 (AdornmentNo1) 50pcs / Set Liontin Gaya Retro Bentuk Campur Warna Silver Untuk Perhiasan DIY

---

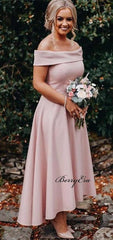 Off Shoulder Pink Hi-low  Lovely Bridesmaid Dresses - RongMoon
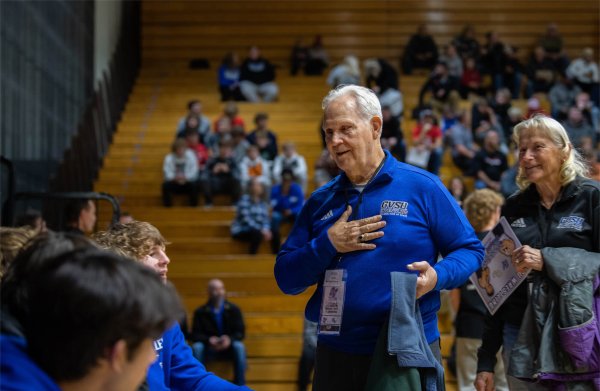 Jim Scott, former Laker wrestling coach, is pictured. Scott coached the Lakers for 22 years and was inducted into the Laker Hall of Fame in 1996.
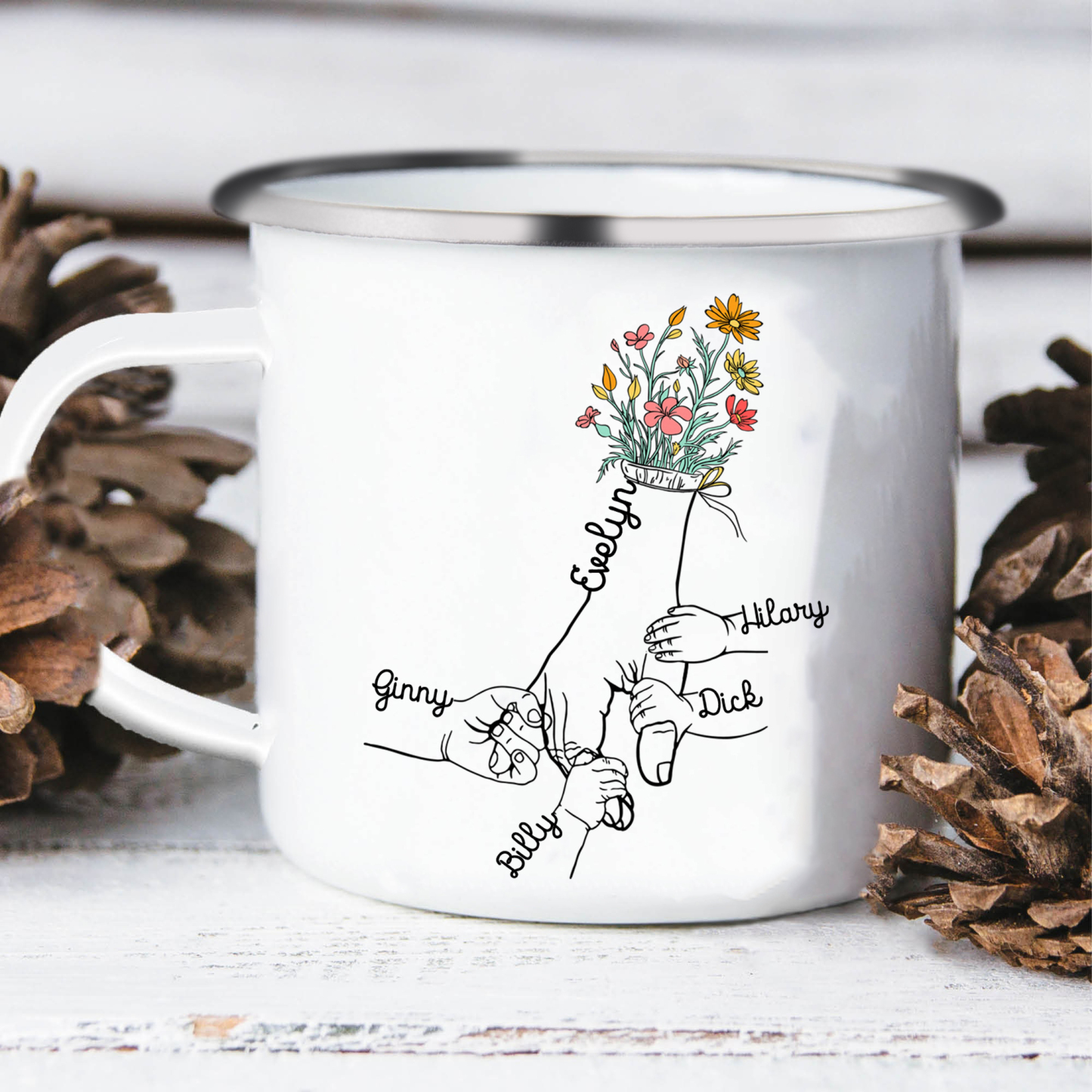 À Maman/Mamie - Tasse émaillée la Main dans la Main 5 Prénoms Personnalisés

---

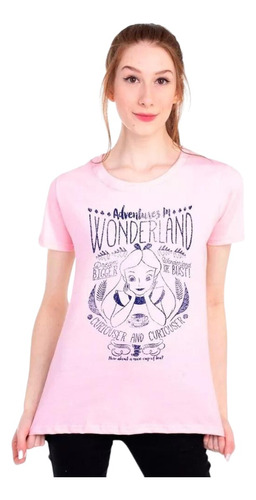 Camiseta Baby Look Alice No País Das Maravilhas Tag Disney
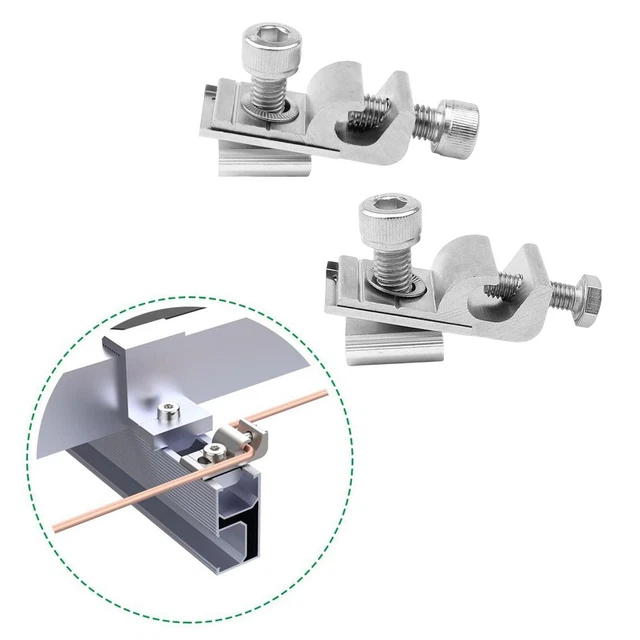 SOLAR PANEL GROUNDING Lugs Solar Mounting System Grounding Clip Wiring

● Work task
Please copy the lines above exactly, starting at the line that holds "Jim Scott, former" and ending at the line that holds "À Maman/Mamie - Tasse"; include both, but no pictures.

● Solution for this task
 Jim Scott, former Laker wrestling coach, is pictured. Scott coached the Lakers for 22 years and was inducted into the Laker Hall of Fame in 1996.
 À Maman/Mamie - Tasse émaillée la Main dans la Main 5 Prénoms Personnalisés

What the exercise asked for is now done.